#### [Exercise]
In the data below, find the line containing "BOSCH GSR 18V-90 C, L-Boxx", then set down that line and every later line up to and including the line containing "transaksi - Transaksi", exactly.

Start of Records supplied

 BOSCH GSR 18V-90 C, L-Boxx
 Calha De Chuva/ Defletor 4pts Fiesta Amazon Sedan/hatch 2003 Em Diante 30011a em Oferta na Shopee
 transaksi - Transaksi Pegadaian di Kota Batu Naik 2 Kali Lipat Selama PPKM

End of Records supplied
Start of Records supplied

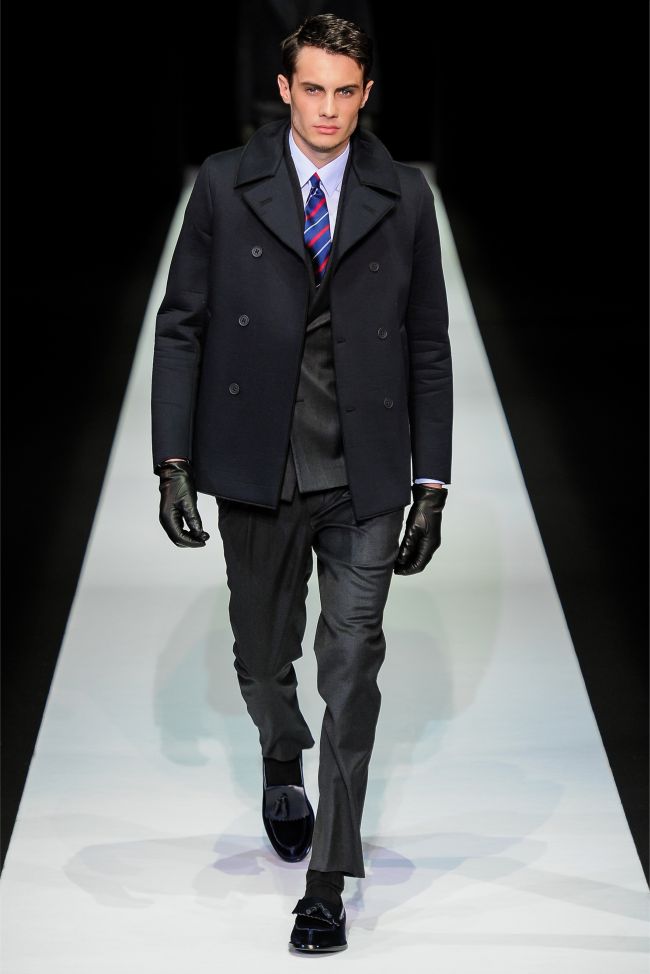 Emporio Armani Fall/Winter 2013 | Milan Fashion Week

End of Records supplied
Start of Records supplied

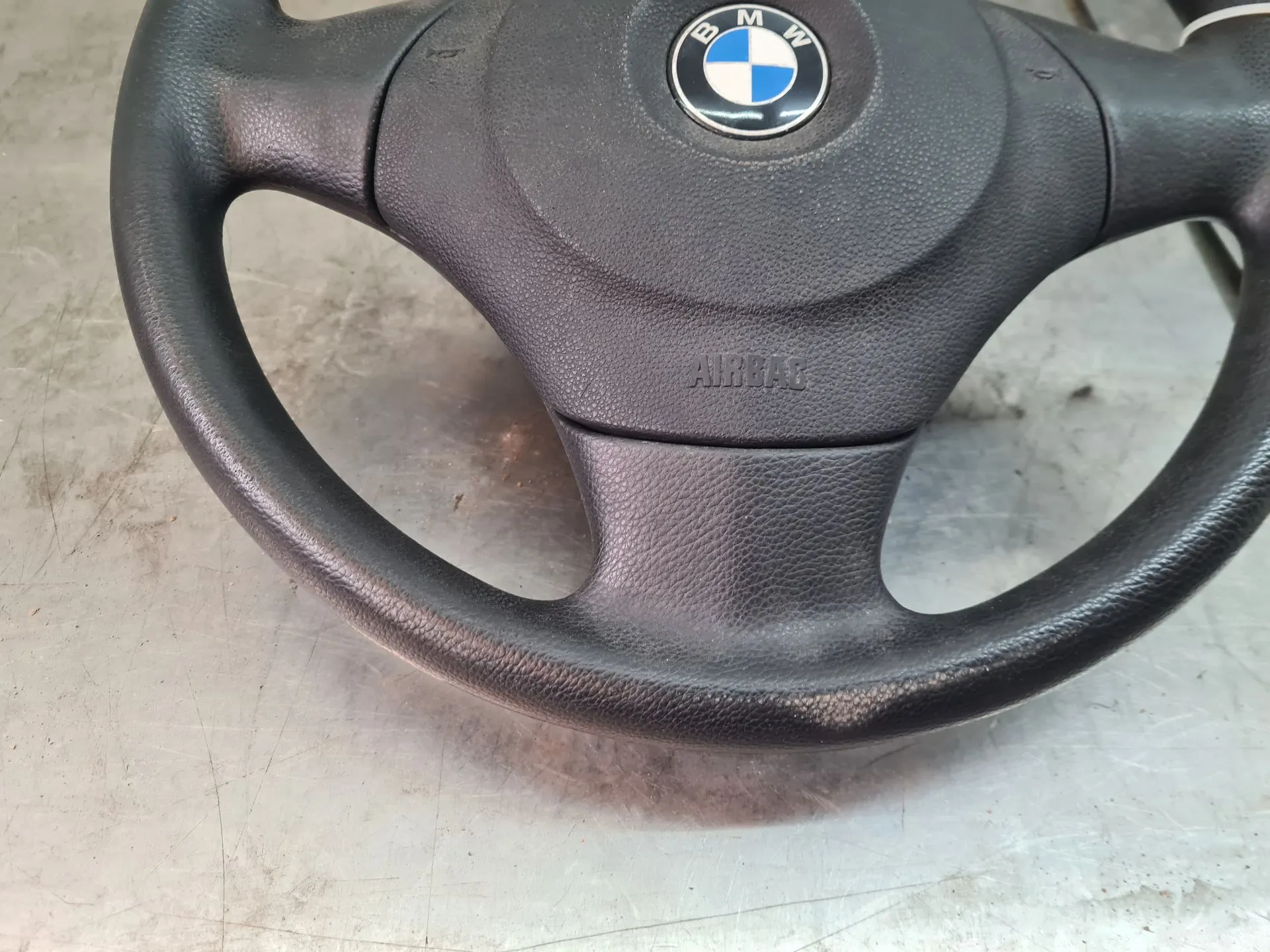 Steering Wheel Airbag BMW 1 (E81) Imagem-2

End of Records supplied

#### [Output below]
 BOSCH GSR 18V-90 C, L-Boxx
 Calha De Chuva/ Defletor 4pts Fiesta Amazon Sedan/hatch 2003 Em Diante 30011a em Oferta na Shopee
 transaksi - Transaksi Pegadaian di Kota Batu Naik 2 Kali Lipat Selama PPKM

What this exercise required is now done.